**WHAT IS EXPECTED:**
In the copy, include no images, and repeat each entry precisely as written.

[[ MATERIALS PROVIDED, beginning ]]

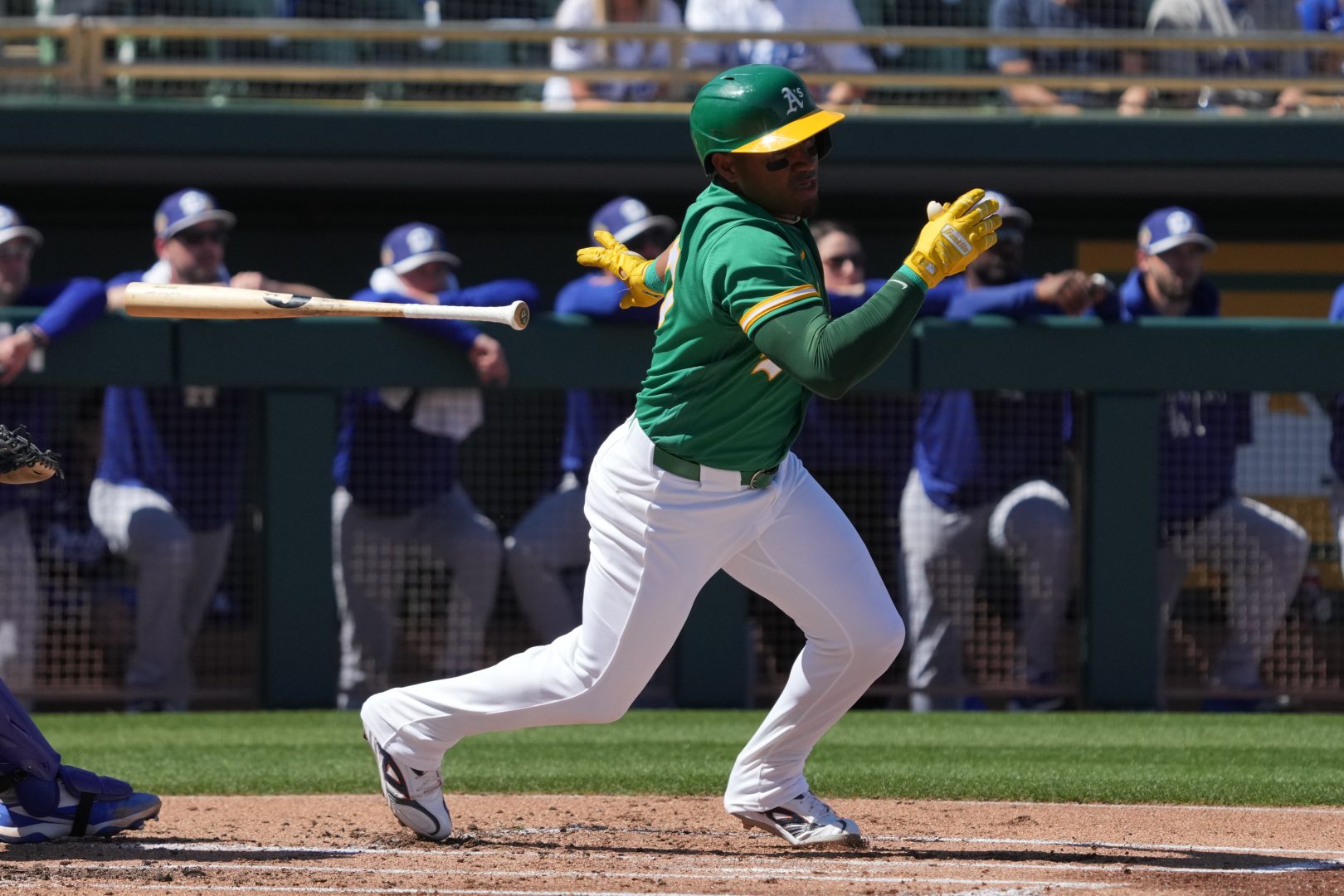 Athletics third baseman Andy Ibáñez hits a double against the Los Angeles Dodgers during the first inning at Hohokam Stadium in Mesa, Arizona.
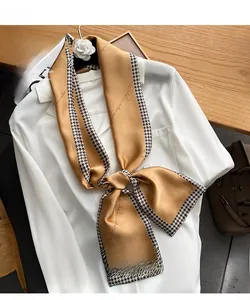 Detail of golden silk ribbon tied in a bow with houndstooth edge and vintage script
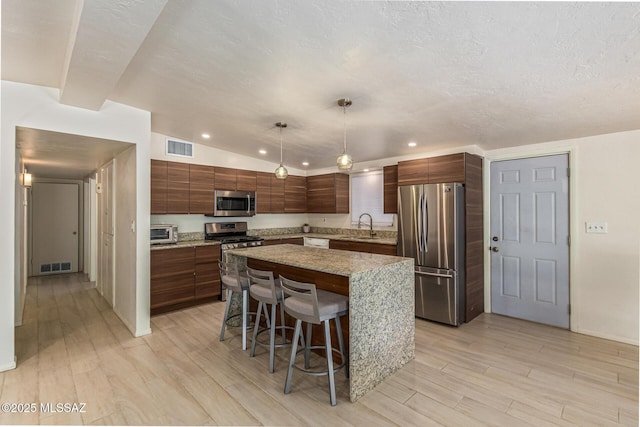 5809 E Rosewood St, Tucson, AZ 85711 - kitchen with appliances with stainless steel finishes, a sink, light wood finished floors, a kitchen island, and recessed lighting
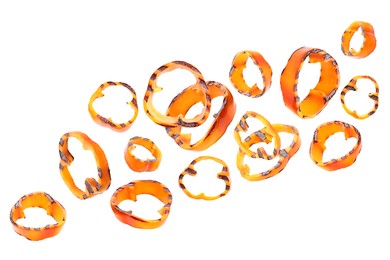 Image of Slices of grilled bell peppers in air on white background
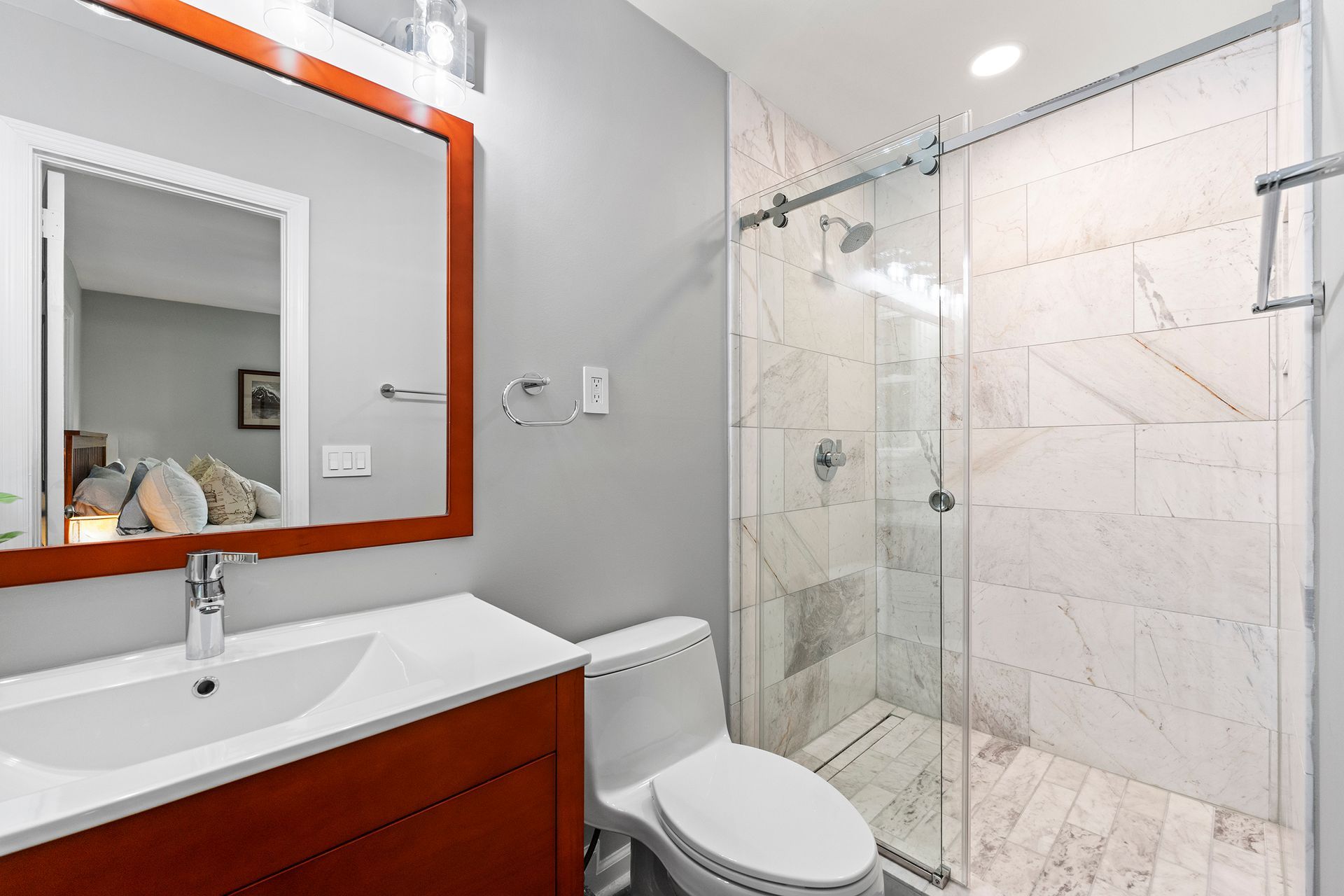 A bathroom with a toilet , sink , mirror and walk in shower.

[[ MATERIALS PROVIDED, end ]]

**RESPONSE:**
 Athletics third baseman Andy Ibáñez hits a double against the Los Angeles Dodgers during the first inning at Hohokam Stadium in Mesa, Arizona.
 Detail of golden silk ribbon tied in a bow with houndstooth edge and vintage script
 5809 E Rosewood St, Tucson, AZ 85711 - kitchen with appliances with stainless steel finishes, a sink, light wood finished floors, a kitchen island, and recessed lighting
 Image of Slices of grilled bell peppers in air on white background
 A bathroom with a toilet , sink , mirror and walk in shower.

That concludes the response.